The court initially imposed a one-year term of interim probation and informed defendant that, if he complied with the terms of interim probation, the court would impose a nine-year term of probation. Defendant, however, violated the terms of interim probation. At sentencing, the court informed defendant that it had taken "quite frankly, a lot of arm twisting" to get defendant the plea arrangement he had received and that the court had to "twist the arm of the People to get them to go along with giving [defendant the] chance on interim probation." The court then stated that if it gave defendant "a sentence that's anywhere less than seven years," the People would be "looking at [the court] on every single case that" it would have in the future, would conclude that the court's "word is no good," and thus would not continue offering plea arrangements to defendants because they would not expect the court to abide by a pre-plea sentencing commitment. Thus, the court said, it had "no choice today ... but to sentence [defendant]" to seven years' imprisonment.

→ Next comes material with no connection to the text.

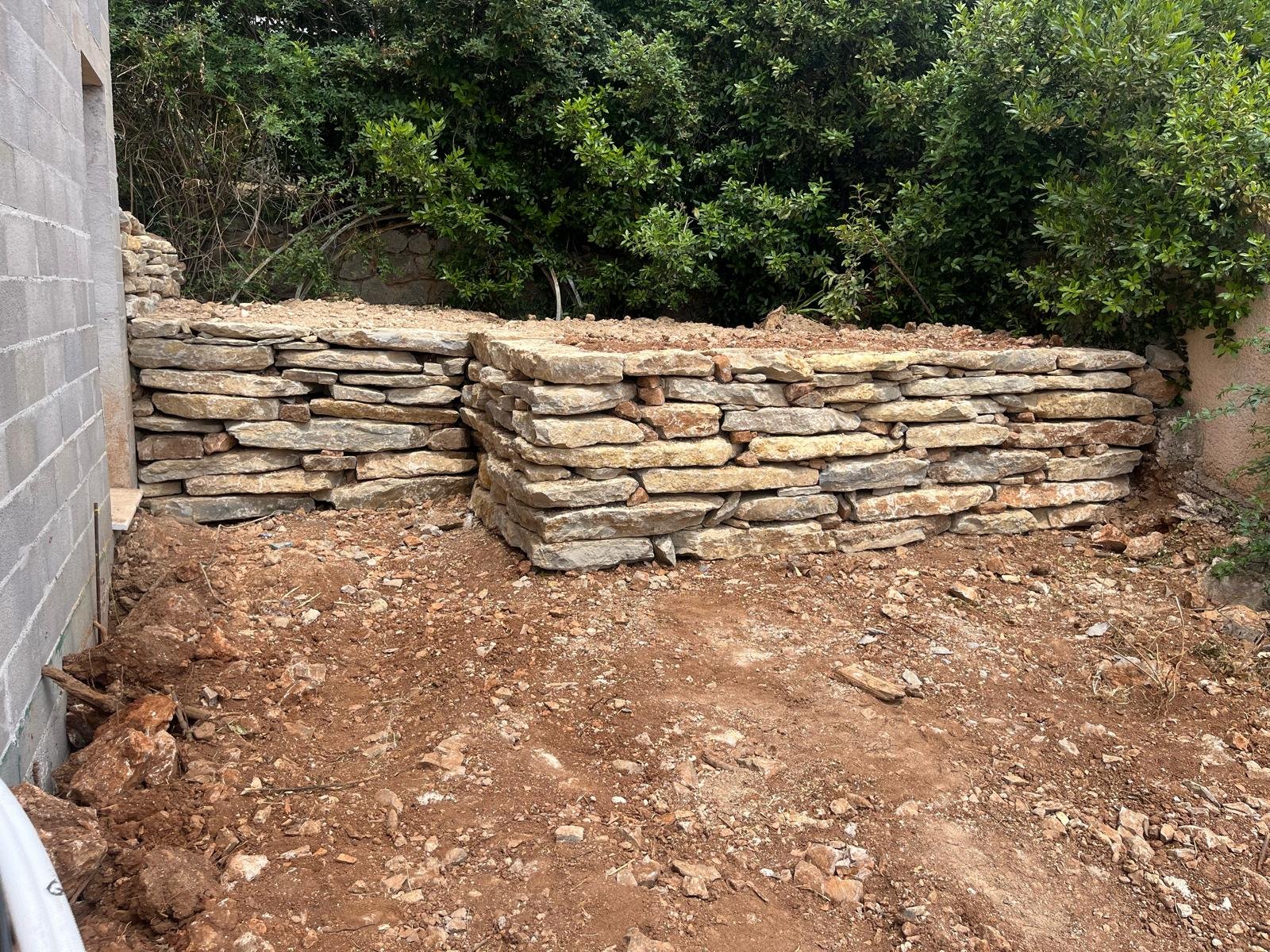 Deux murets en pierres sèches avec un remblai de terre rouge en chantier, devant une végétation dense, illustrant un aménagement paysager.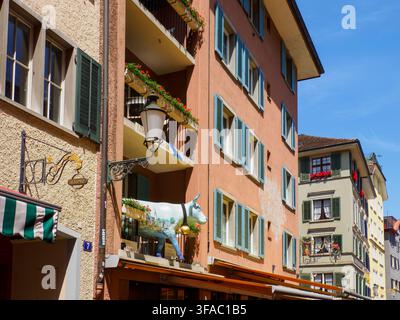 Un edificio a Zurigo sembra ospitare una mucca bianca vista su un balcone sopra il ristorante sottostante Foto Stock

"[T]he sentencing decision is a matter committed to the exercise of the court's discretion and ... can be made only after careful consideration of all facts available at the time of sentencing" ( People v. Farrar , 52 N.Y.2d 302, 305, 437 N.Y.S.2d 961, 419 N.E.2d 864 [1981] ; see People v. Dupont , 164 A.D.3d 1649, 1650, 84 N.Y.S.3d 648 [4th Dept. 2018] ; People v. Dowdell , 35 A.D.3d 1278, 1280, 825 N.Y.S.2d 865 [4th Dept. 2006], lv denied 8 N.Y.3d 921, 834 N.Y.S.2d 512, 866 N.E.2d 458 [2007] ). "The determination of an appropriate sentence requires the exercise of discretion after due consideration given to, among other things, the crime charged, the particular circumstances of the individual before the court and the purpose of a penal sanction, i.e., societal protection, rehabilitation and deterrence" ( Farrar , 52 N.Y.2d at 305, 437 N.Y.S.2d 961, 419 N.E.2d 864 ). Here, the court indicated that it had no choice but to sentence defendant pursuant to its agreement with the People (see Dupont , 164 A.D.3d at 1650, 84 N.Y.S.3d 648 ), and the sentencing transcript, read in its entirety, does not reflect that the court conducted the requisite discretionary analysis (cf. People v. Clause , 167 A.D.3d 1532, 1532-1533, 90 N.Y.S.3d 441 [4th Dept. 2018] ). We therefore modify the judgment by vacating the sentence, and we remit the matter to County Court for resentencing.
In light of our determination, we do not consider defendant's remaining contention.